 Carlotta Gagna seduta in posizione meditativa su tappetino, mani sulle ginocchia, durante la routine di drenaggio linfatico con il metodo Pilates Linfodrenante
* * *
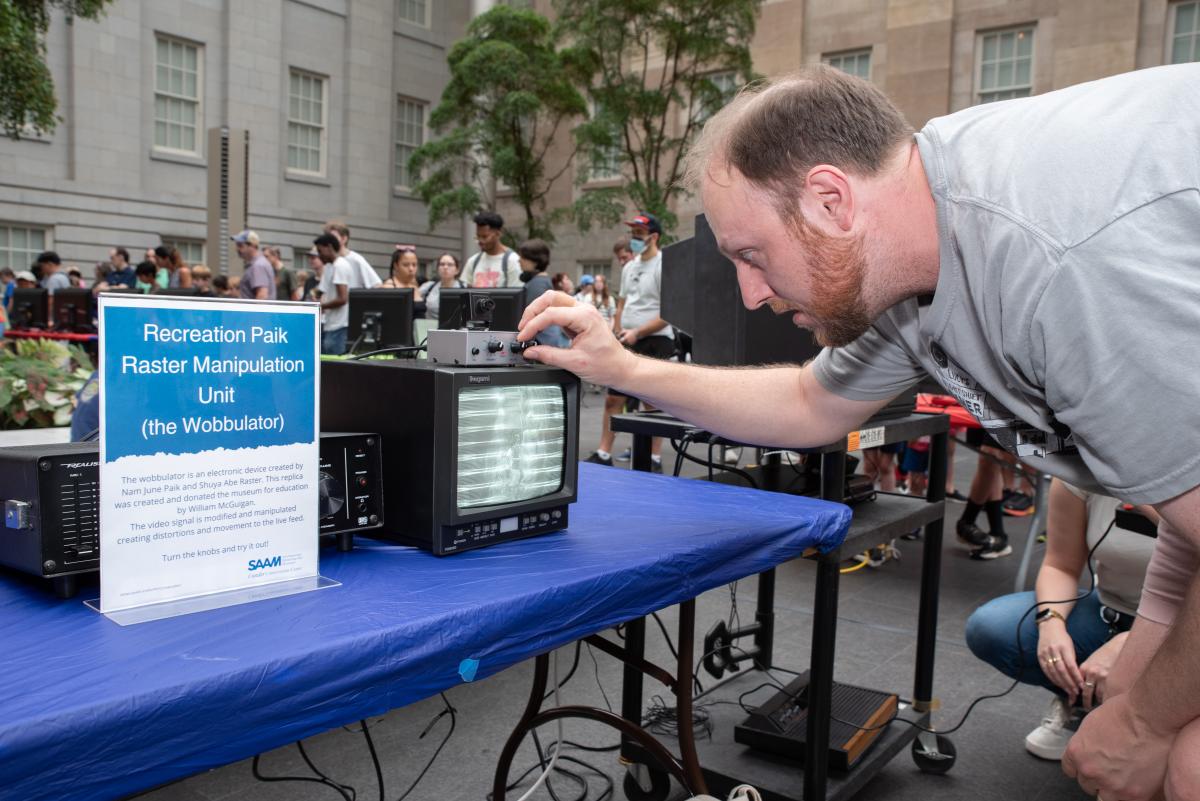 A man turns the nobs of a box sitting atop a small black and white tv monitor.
* * *
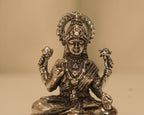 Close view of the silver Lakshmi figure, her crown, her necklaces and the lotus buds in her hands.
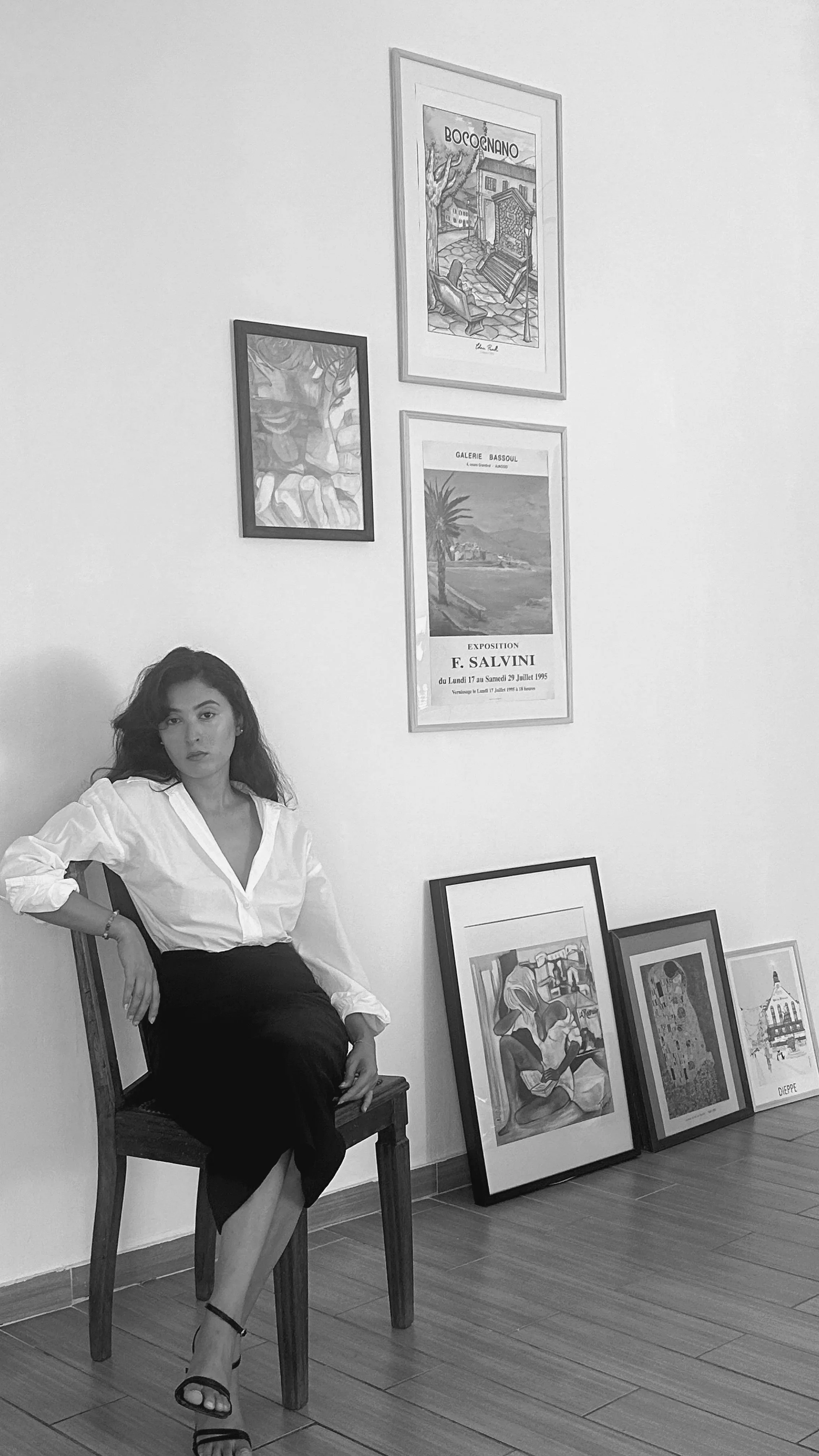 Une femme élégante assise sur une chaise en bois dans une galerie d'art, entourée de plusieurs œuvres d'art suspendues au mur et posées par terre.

Task requirements:
Reproduce the data above exactly, but only the lines from the one showing "Close view of" through the one showing "Une femme élégante", with both ends kept and the pictures left out.

Solved exercise:
 Close view of the silver Lakshmi figure, her crown, her necklaces and the lotus buds in her hands.
 Une femme élégante assise sur une chaise en bois dans une galerie d'art, entourée de plusieurs œuvres d'art suspendues au mur et posées par terre.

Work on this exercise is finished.